Even given the Southampton connections and my experiences of them as "Martin Smith and the Cutting Edge Band" circa 1994, this is a surprise. A few other Delirious tracks made the long list - Obsession was the last to be kicked out - but this one started near the top and never got moved. And that's because of what it says, what it does and how it manages to be over nine minutes long without you even realising it.
But it's mainly in there because you can pick up the guitar, start chugging away at it and it can go anywhere. The original album version gives the basic outline - stay mainly in D, go to G and add an E note in there sometimes, then back to D; use A sparingly as a build-up to the chorus, but aside from that it's mainly just those two chords. And that's all you need. You can follow the words or go somewhere else entirely - there's an ad-lib section from a concert circa 2000 where Stu G - the lead guitarist - goes into a very catchy riff before merging it with the key musical phrase from 'Run The Hell' by Pink Floyd. And the song is open for that, you can do what you like and go where you want, exploring words, rhythms and melodies that can come and go like the wind.
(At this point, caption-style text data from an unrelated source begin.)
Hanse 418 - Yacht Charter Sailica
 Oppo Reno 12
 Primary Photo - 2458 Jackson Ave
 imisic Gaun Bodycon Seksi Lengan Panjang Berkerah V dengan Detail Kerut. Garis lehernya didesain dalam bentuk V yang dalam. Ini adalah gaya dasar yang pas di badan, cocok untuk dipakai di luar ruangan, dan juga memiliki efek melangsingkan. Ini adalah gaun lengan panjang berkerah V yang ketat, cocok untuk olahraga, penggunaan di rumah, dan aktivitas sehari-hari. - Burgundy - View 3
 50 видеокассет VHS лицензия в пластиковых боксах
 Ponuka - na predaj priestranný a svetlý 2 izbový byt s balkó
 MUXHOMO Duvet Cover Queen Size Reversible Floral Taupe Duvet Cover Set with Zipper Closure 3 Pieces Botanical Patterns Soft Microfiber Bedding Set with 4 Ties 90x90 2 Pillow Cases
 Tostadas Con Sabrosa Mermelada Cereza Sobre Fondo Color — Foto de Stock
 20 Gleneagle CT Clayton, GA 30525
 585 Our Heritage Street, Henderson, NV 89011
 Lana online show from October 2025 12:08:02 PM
One of the most memorable examples of this for me was one of the first occasions I heard the song, at a Cutting Edge event in early 1995, back before they were 'Delirious' and when they still had female backing vocalists. And off they went into an unplanned section, the female vocalist ad-libbing amazing poetry about freedom and "dancing on the chains". And I remember the tears in the eyes as I had to sit down right there on the floor, feeling not just the weight of emotional burdens lifting from my shoulders as I realised negative feelings and circumstances had no hold on me, but the incredible realisation that the chains were now just sitting on the floor, ready to dance over in victory, ready to fly from, ready to never threaten me again. If I could share one feeling from my life with the rest of the world, that would be it. And this tune, this song, this... framework almost, comes as close to expressing that as anything else I've ever known.
Dancing on the chains.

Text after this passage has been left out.